Qualifikation des Gesichtsbilds
Ein Passfoto kann man zwar noch als biometrischen Datensatz bezeichnen. Aber man muss darauf hinweisen, dass das Passfoto einen anderen Charakter aufweist als z.B. der Fingerabdruck oder die Iris, die oft auch als Beispiele für biometrische Angaben herhalten. Mit Blick darauf, dass ein Gesicht sich mit veränderndem Alter ändert, kann man ein Gesichtsbild z.B. nicht als unabänderlich ansehen (dies ist z.B. anders beim Fingerabdruck oder der Iris). Auch wird das Gesichtsbild im Alltag meist nicht so zurückhaltend eingesetzt, wie es der Fall wäre, wenn es z.B. um Fingerabdrücke und dergleichen ginge.
Ob ein Passfoto auch als besonders schützenswert gilt, darf man deswegen kritisch hinterfragen.
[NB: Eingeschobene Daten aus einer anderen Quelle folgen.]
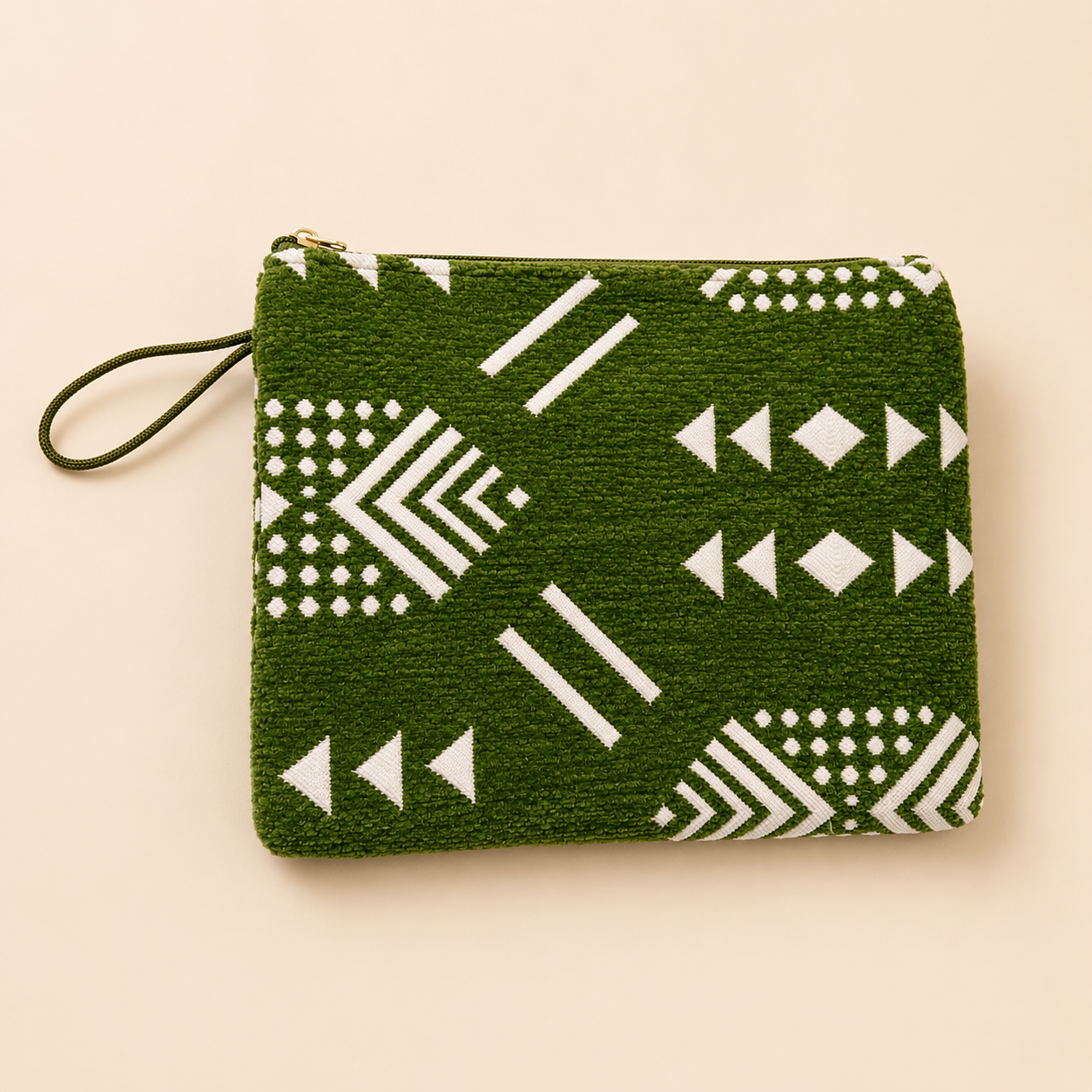 Pochette Bogolan verte à motifs géométriques blancs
Während dies unter dem jetzt noch geltenden DSG oft noch bejaht wurde, lässt sich dies unter dem revDSG mit Blick auf die ausdrücklich einengende Formulierung in Art. 5 lit. c Ziffer 4 revDSG kaum noch halten; denn biometrische Angaben sind nur dann besonders schützenswerten Personendaten, wenn sie eine natürliche Person eindeutig identifizieren. Wenn eindeutig dasselbe sein sollte wie «eineindeutig», kann man dies durchaus in Frage ziehen.
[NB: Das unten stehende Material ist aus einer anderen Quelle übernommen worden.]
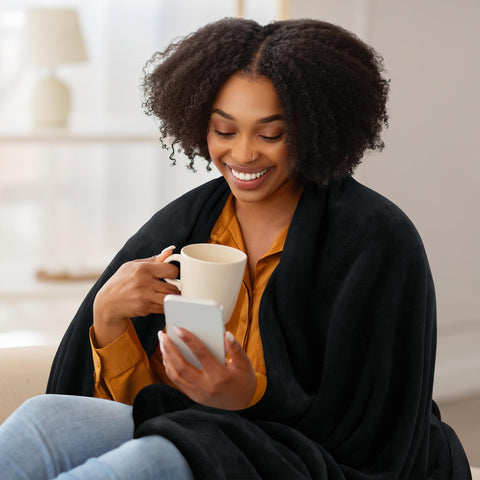 Anti-static microfiber blanket from Utopia Bedding for smooth warmth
Besonders schützenswerten Personendaten im Geltungsbereich des BGEID?
Die im Rahmen der E-ID anfallenden Personendaten sind keine Personendaten mit einem erhöhten Gefährdungspotential. Es sind durchwegs «normale» Personendaten. Dies dürfte auch für das Gesichtsbild gelten (was man allerdings mit Blick auf das noch geltende DSG als umstritten bezeichnen darf und muss).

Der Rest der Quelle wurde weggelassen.